• [EXERCISE REQUIREMENTS] What appears in the data must be reproduced exactly.

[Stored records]

○ ○ ○ ○

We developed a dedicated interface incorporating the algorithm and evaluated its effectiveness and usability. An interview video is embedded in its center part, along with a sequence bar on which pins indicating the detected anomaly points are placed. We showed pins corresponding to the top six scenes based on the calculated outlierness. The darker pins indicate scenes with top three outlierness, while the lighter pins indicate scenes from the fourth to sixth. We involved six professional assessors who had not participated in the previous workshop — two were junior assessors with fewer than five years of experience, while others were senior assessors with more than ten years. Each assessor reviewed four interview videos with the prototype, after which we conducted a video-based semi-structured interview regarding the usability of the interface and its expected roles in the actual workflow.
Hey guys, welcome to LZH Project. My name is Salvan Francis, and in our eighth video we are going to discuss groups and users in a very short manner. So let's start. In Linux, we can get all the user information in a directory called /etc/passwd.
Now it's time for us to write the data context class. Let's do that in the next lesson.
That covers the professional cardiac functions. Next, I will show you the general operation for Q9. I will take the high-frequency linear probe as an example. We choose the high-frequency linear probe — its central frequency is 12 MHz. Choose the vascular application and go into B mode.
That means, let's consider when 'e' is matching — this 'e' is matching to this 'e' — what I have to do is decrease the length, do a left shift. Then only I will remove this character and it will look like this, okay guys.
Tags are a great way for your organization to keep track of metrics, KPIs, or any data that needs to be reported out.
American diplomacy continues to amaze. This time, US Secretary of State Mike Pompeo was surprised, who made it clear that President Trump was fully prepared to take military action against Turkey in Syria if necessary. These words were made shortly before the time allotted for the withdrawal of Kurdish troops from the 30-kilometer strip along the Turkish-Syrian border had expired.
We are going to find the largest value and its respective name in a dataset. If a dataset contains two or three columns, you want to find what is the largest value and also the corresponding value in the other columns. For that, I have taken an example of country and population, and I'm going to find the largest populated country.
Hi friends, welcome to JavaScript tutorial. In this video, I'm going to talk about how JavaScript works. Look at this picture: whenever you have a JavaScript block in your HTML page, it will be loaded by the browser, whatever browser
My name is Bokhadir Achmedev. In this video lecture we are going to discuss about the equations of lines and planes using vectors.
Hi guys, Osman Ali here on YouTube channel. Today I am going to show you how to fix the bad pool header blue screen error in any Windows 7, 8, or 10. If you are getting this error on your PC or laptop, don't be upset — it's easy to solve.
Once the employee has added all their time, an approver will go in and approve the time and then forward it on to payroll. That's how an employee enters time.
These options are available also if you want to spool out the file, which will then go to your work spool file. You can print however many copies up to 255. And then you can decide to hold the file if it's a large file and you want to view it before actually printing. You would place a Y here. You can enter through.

○ ○ ○ ○

• [ANSWER SPACE]
We developed a dedicated interface incorporating the algorithm and evaluated its effectiveness and usability. An interview video is embedded in its center part, along with a sequence bar on which pins indicating the detected anomaly points are placed. We showed pins corresponding to the top six scenes based on the calculated outlierness. The darker pins indicate scenes with top three outlierness, while the lighter pins indicate scenes from the fourth to sixth. We involved six professional assessors who had not participated in the previous workshop — two were junior assessors with fewer than five years of experience, while others were senior assessors with more than ten years. Each assessor reviewed four interview videos with the prototype, after which we conducted a video-based semi-structured interview regarding the usability of the interface and its expected roles in the actual workflow.
Hey guys, welcome to LZH Project. My name is Salvan Francis, and in our eighth video we are going to discuss groups and users in a very short manner. So let's start. In Linux, we can get all the user information in a directory called /etc/passwd.
Now it's time for us to write the data context class. Let's do that in the next lesson.
That covers the professional cardiac functions. Next, I will show you the general operation for Q9. I will take the high-frequency linear probe as an example. We choose the high-frequency linear probe — its central frequency is 12 MHz. Choose the vascular application and go into B mode.
That means, let's consider when 'e' is matching — this 'e' is matching to this 'e' — what I have to do is decrease the length, do a left shift. Then only I will remove this character and it will look like this, okay guys.
Tags are a great way for your organization to keep track of metrics, KPIs, or any data that needs to be reported out.
American diplomacy continues to amaze. This time, US Secretary of State Mike Pompeo was surprised, who made it clear that President Trump was fully prepared to take military action against Turkey in Syria if necessary. These words were made shortly before the time allotted for the withdrawal of Kurdish troops from the 30-kilometer strip along the Turkish-Syrian border had expired.
We are going to find the largest value and its respective name in a dataset. If a dataset contains two or three columns, you want to find what is the largest value and also the corresponding value in the other columns. For that, I have taken an example of country and population, and I'm going to find the largest populated country.
Hi friends, welcome to JavaScript tutorial. In this video, I'm going to talk about how JavaScript works. Look at this picture: whenever you have a JavaScript block in your HTML page, it will be loaded by the browser, whatever browser
My name is Bokhadir Achmedev. In this video lecture we are going to discuss about the equations of lines and planes using vectors.
Hi guys, Osman Ali here on YouTube channel. Today I am going to show you how to fix the bad pool header blue screen error in any Windows 7, 8, or 10. If you are getting this error on your PC or laptop, don't be upset — it's easy to solve.
Once the employee has added all their time, an approver will go in and approve the time and then forward it on to payroll. That's how an employee enters time.
These options are available also if you want to spool out the file, which will then go to your work spool file. You can print however many copies up to 255. And then you can decide to hold the file if it's a large file and you want to view it before actually printing. You would place a Y here. You can enter through.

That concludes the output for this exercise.